聖煉の剣姫と墜ちた竜の帝国 瀬尾つかさ(一迅社文庫)
六十年周期で赤い月からやってくる魔王が存在する世界を舞台にした本格ハイ・ファンタジー。
お姫様、竜、エルフ、魔王、魔法、ダンジョン探索とファンタジー御用達の要素が、ありきたりすぎないように
しかし的確にわかりやすく配置されており、主人公とヒロインにも世界を救うための特別な力があるなど
王道をしっかりと踏まえた、これぞファンタジー! といった感じの作品ですね。
ラストは俺たちの戦い&冒険はこれからだエンド。
ラブコメ的には進展なしで終了。
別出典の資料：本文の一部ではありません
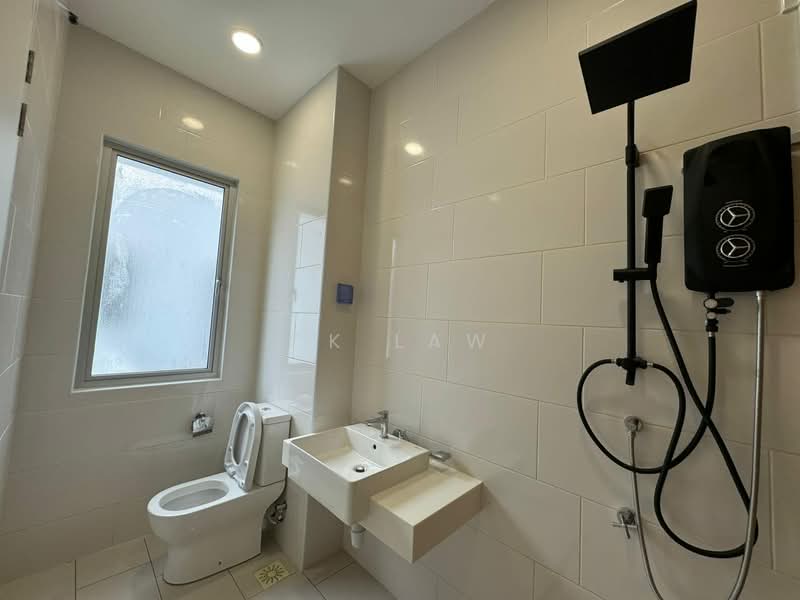 Rumah Teres 2 Tingkat untuk Disewa di Eco Forest (Semenyih) - CK Law - Bathroom - PropertyGuru.com.my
ただ、最後のほうの流れを見るに、ハーレムエンドの可能性は十分っぽい。
主人公は「死を呼ぶ狩人(ペイルライダー)」の異名を持つ、魔獣狩りの達人。
他の人間とは違う容姿と能力を持っていることから、人と関わることを嫌っており、普段は寡黙。
堅苦しいことが苦手で、自身の実力に自信を持っているからこその唯我独尊気質。
更には、名誉欲や金銭欲が皆無なので、本編開始までは若くして世捨て人っぽい生活を送っていた。
ただ、唯一心を許している妹に対してだけは過剰な愛情を向けており、そのシスコンぶりは
彼女の言動ひとつで一喜一憂してしまうほどだったり。
孤独な狩人としての人生が長かったため、対人スキルや勉学の能力は低い。
ヒロインは誇り高い王女、小人族の錬金術師、聡明でキツめな妹、ぼっち系お嬢様。
一番のお気に入りはくるくる巻き毛が特徴的な侯爵家三女のお嬢様、イルミナ・アラネ・クリュシタァル。
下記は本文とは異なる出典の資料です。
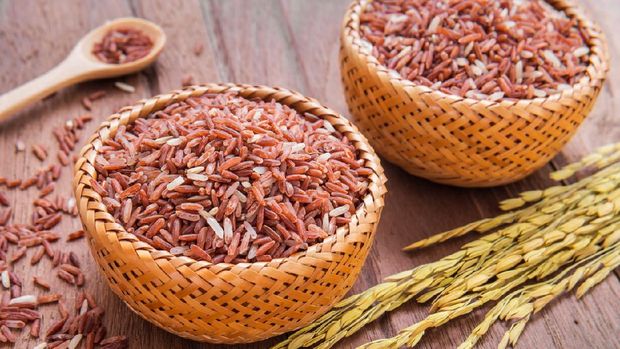 Red rice in wooden bowl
学年三位の成績を誇る才女で、容姿端麗、スタイルも抜群、立ち振る舞いも上品と正に絵に描いたようなお嬢様。
また、人にモノを教えるのが得意、観察眼に長けているなど、教師能力が高い。
しかし、自分に自信がなく、その上対人関係に不器用な性質なため、友人は少なかったりする。
男女関係においてはかなりの純情少女だが、思い込んだら激しく一途なタイプ。
評価はC。
文章力を含め、全体的な完成度は高く、目立った粗もないと良質の英雄冒険譚を予感させる作品でしたが…
その安定感が裏目に出て、地味な印象が強すぎたせいか二巻で打ち切り完結でした。
キャラの成長を含め、尻上がりに面白さが増すタイプの作品だと感じていただけに、残念無念。
世界観と後の展開への下準備に注力しすぎて、肝心のキャラ立てが疎かになってしまったのが敗因と思われ。
二巻では学園編がはじまり、華やかさが出てきていただけに、打ち切りは性急だったの一言。